New “levelling up” secretary Michael Gove must use the looming white paper on the flagship initiative to clear up “contradictory rhetoric” that is confusing the government’s ambitions, the Institute for Government has warned.
The independent think tank says that while last week’s reshuffle – which put Gove at the helm of the agenda and prompted the latest rebranding for the now-former Ministry of Housing, Communities and Local Government – showed commitment to levelling up, more clarity was required.
The IfG said an analysis of ministerial statements on levelling up, and the distribution of funding flagged as part of the agenda, raised questions that were in urgent need of answers. They include whether the initiative is targeted at people or places; whether it is about decentralising funding or targeting support from Whitehall; and what role the nation’s biggest cities have in ministers’ plans.
The IfG’s latest report notes that the formula for the government’s Levelling Up Fund used a measure of economic output rather than income deprivation to target support. This means rural areas with high numbers of pensioners or commuters, such as Richmondshire in North Yorkshire, were relatively highly ranked, while urban areas like Hounslow in west London – which have high economic output but also high levels of income deprivation – were not prioritised.

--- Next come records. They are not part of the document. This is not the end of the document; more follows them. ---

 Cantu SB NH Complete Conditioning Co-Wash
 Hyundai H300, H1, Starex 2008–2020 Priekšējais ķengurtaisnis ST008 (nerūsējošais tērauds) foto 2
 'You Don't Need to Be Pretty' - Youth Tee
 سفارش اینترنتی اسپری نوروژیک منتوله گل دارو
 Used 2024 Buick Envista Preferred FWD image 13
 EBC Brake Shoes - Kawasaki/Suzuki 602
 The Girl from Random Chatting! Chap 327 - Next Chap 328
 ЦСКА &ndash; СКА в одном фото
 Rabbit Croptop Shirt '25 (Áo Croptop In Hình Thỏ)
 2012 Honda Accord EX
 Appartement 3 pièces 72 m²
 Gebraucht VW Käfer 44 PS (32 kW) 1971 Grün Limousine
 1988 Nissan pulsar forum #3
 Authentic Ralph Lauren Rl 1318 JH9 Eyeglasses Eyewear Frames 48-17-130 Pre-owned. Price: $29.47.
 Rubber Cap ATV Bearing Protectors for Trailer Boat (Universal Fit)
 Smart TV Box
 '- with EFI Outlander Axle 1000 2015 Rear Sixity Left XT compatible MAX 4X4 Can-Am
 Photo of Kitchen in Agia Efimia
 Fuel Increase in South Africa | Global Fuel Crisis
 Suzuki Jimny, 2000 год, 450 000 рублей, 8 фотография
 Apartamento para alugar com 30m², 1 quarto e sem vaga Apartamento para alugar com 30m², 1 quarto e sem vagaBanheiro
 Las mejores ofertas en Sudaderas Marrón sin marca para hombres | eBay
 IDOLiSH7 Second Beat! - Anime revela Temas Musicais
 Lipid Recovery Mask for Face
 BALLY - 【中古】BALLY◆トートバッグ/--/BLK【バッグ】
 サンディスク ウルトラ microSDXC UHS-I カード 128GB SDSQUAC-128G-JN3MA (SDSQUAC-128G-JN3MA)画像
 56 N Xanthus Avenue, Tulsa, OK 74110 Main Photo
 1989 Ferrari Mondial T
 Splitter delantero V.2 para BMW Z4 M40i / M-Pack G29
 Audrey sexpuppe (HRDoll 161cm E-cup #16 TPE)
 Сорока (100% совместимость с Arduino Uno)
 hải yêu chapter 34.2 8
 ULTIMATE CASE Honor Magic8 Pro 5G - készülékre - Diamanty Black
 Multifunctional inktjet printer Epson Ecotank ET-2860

The IfG said to date, ministers appear to have been using levelling up “interchangeably” to refer to helping the most deprived people and the most deprived places when the two aims could require different policy solutions. Citing an example related to Yorkshire, the think tank said different sets of policies will be required if the main objective of levelling up Wakefield and Barnsley is to provide new jobs in each local area, as opposed to giving local people access to better job opportunities. It said that the latter example might involve helping more local people travel to bigger nearby cities for work.
“The white paper needs to clarify whether the government is deliberately choosing to place more emphasis on productivity, and if so, what the trade-offs will be in terms of helping the most deprived areas,” the IfG said.
The think tank also questioned the role of devolved administrations in the levelling-up agenda, and suggested that ministers might be overplaying the significance of plans to move 22,000 civil service jobs out of London by 2030 as part of the programme.
It said that the staffing shift will “not necessarily lead to greater decentralisation of policymaking if ministers and the majority of senior policymakers remained in London, which the report said was “likely to be the case” unless more radical proposals for change is tabled.
IfG researcher and report co-author Eleanor Shearer said that almost two years after the prime minister made his general election manifesto commitment to level up left behind parts of the nation, it is now time for the government to properly set out its plans.
“Michael Gove’s priority in his new role should be to provide greater clarity on what levelling up means, and how its success will be judged,” she said.
“Without this, it will be impossible to know if the government is making progress on this ambitious agenda. There is a danger that money, time and effort will simply be spread too thinly across disparate objectives.
"The white paper in the autumn needs to address the tensions that currently exist in what the government has said about levelling up and will also be a chance for the government to explain how devolution and decentralising power fits into the levelling up agenda.”
Talk of the Towns Fund
The IfG has also published a separate mini-report on the distribution of the controversial Towns Fund, criticised by members of parliament’s Public Accounts Committee over claims of political bias in allocations.
The fund launched in 2019 and offered eligible towns the chance to bid for a share of a £3.6bn pot to drive economic regeneration and boost local infrastructure. Initially, individual allocations were subject to a cap of £25m unless exceptional circumstances could be demonstrated.
MHCLG officials created a methodology to identify around 500 eligible towns and divided them into “low”, “medium” and “high” priority bands reflecting their individual circumstances. All 40 towns on the “high” priority list were accepted for the fund, but MHCLG ministers had a role in selecting successful bids for funding from the “medium” and “low” priority groups.
The IfG explainer noted that all 12 of the “low” priority towns were represented by Conservative MPs. A further 49 towns from the “medium” priorority list were selected, adding up to 101 sucessful bids for a place on the Towns Fund programme.
The National Infrastructure Commission yesterday said the government should abandon the 15-plus funding streams that currently support the levelling-up agenda and replace them with a streamlined approach.
It also questioned the logic of distributing funding to drive key government reforms on a competitive basis and called instead for more devolved funding for local authority areas to allow them to plan for and deliver their own infrastructure programmes.
Infrastructure commissioner Bridget Rosewell said every English town faced a different set of challenges and opportunities and that local leaders were best placed to develop strategies to address them.
“Levelling up cannot be done from Whitehall,” she said. “Competing against other councils for multiple pots of cash creates a focus on the short term, continual uncertainty, and burns up staff time. Local councils need to be empowered to deliver transformational plans for the future and held accountable for doing so.”